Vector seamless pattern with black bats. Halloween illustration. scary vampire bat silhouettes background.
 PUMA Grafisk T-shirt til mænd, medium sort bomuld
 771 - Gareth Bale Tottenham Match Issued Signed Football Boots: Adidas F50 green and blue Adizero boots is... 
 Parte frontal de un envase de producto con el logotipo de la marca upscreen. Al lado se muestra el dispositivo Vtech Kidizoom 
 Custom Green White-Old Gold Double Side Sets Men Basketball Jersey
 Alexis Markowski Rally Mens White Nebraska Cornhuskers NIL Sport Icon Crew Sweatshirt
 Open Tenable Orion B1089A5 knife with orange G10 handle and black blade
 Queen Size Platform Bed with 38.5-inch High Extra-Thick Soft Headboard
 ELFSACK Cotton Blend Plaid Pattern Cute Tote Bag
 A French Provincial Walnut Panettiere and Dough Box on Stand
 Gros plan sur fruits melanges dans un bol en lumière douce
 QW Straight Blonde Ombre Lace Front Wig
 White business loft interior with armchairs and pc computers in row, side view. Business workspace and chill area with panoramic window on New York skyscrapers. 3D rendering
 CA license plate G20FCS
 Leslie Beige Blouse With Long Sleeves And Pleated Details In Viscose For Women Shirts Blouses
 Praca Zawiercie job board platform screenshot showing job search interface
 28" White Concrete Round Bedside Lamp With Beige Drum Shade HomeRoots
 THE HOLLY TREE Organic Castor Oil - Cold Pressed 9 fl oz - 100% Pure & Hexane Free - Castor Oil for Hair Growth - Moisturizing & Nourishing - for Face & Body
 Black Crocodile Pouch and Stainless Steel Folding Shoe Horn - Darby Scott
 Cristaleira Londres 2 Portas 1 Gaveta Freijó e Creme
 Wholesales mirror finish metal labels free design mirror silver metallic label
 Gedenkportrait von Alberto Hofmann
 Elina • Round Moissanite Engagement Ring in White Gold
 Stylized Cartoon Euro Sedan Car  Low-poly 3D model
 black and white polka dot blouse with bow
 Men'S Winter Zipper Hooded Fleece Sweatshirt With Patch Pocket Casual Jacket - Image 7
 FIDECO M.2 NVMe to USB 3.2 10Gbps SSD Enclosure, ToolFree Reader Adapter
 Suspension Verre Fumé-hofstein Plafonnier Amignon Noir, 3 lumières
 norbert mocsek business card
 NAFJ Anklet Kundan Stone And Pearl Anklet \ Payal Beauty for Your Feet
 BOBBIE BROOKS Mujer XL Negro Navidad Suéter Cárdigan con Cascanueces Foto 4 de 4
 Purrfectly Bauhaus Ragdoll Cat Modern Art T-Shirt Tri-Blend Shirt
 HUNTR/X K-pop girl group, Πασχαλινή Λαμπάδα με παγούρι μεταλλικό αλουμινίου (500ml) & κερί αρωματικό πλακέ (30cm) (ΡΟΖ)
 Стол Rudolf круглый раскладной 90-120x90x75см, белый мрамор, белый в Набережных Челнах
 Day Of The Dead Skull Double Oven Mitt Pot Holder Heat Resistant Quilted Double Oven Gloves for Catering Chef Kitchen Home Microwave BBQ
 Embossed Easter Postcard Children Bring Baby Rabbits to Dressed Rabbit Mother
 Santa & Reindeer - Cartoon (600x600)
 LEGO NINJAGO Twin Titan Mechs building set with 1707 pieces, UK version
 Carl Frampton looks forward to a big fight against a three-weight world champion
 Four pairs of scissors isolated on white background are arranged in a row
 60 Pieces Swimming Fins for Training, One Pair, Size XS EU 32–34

________

• [What you need to do]: Each line in the data that holds the string "Gold" must be returned.

• [Your solution]:
 Custom Green White-Old Gold Double Side Sets Men Basketball Jersey
 Elina • Round Moissanite Engagement Ring in White Gold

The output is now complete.